DATASET EXCERPT:
== Segment start ==

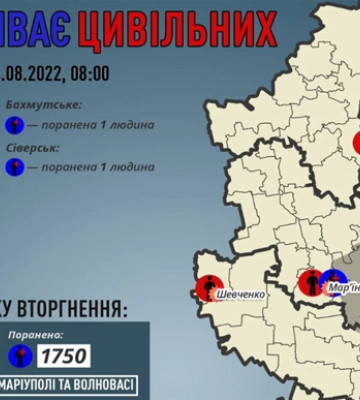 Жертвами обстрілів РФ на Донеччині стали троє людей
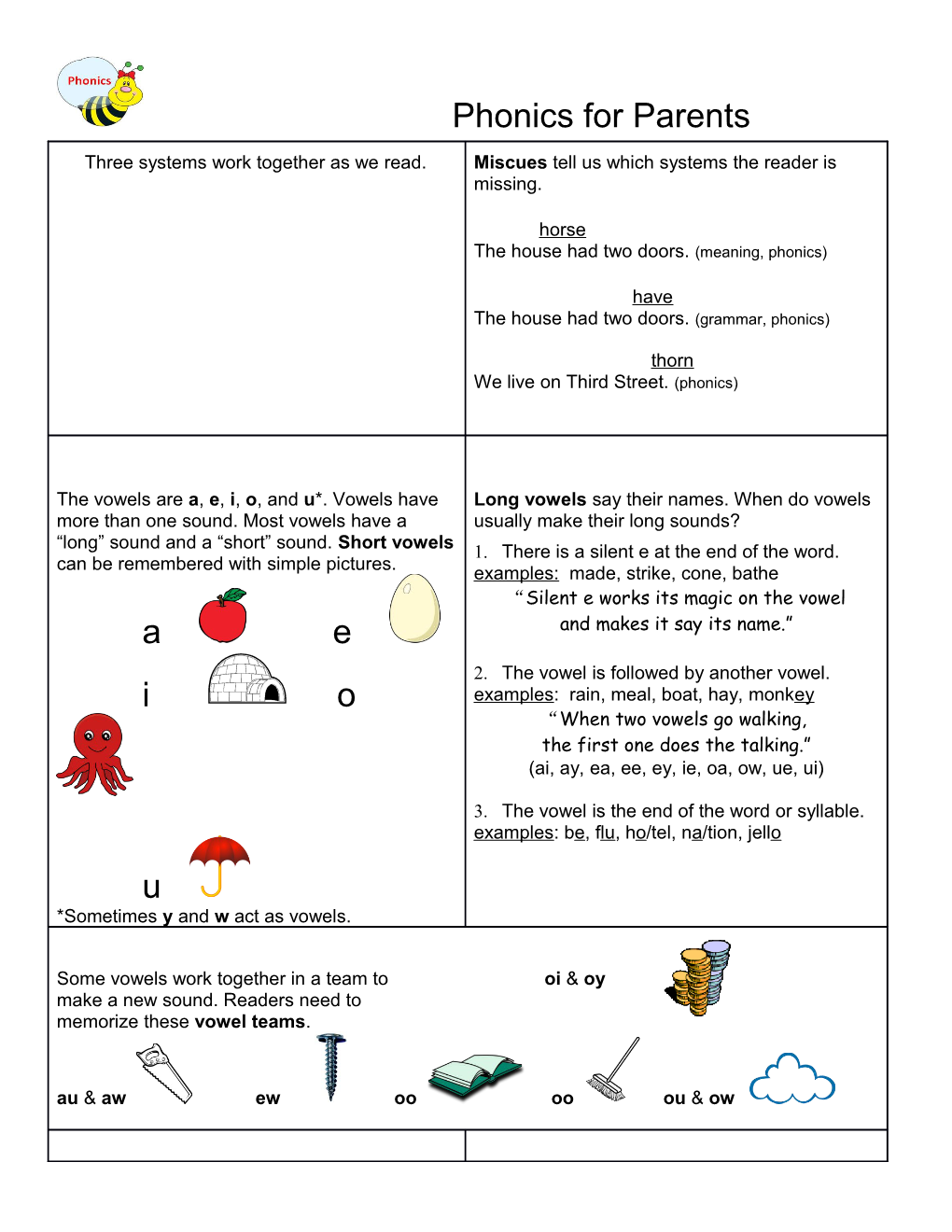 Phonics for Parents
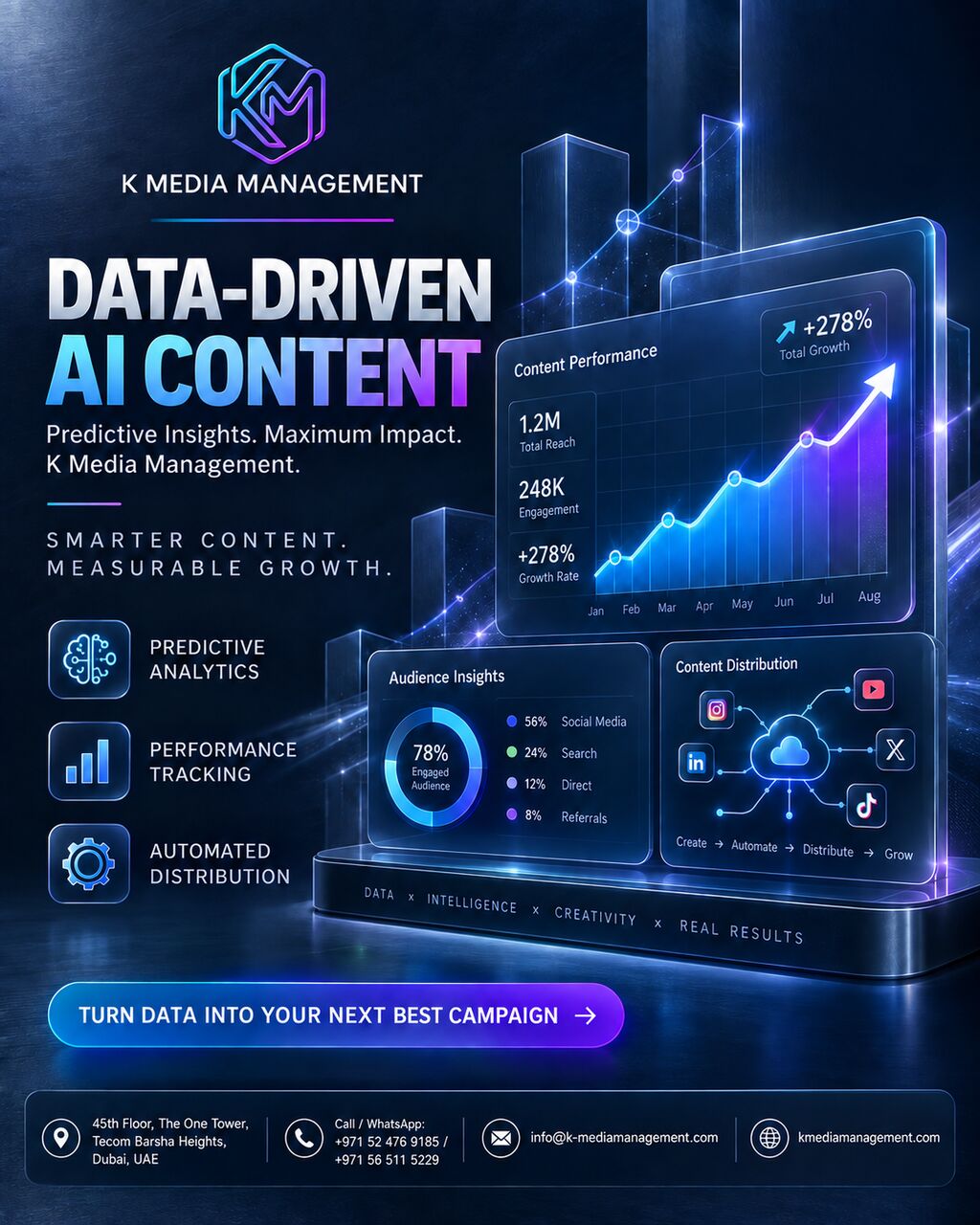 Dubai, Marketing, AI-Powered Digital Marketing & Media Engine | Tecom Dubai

== Segment end ==

WHAT THE TASK REQUIRES:
Without including any picture, write out the material above verbatim.

REPLY TO THE TASK:
 Жертвами обстрілів РФ на Донеччині стали троє людей
 Phonics for Parents
 Dubai, Marketing, AI-Powered Digital Marketing & Media Engine | Tecom Dubai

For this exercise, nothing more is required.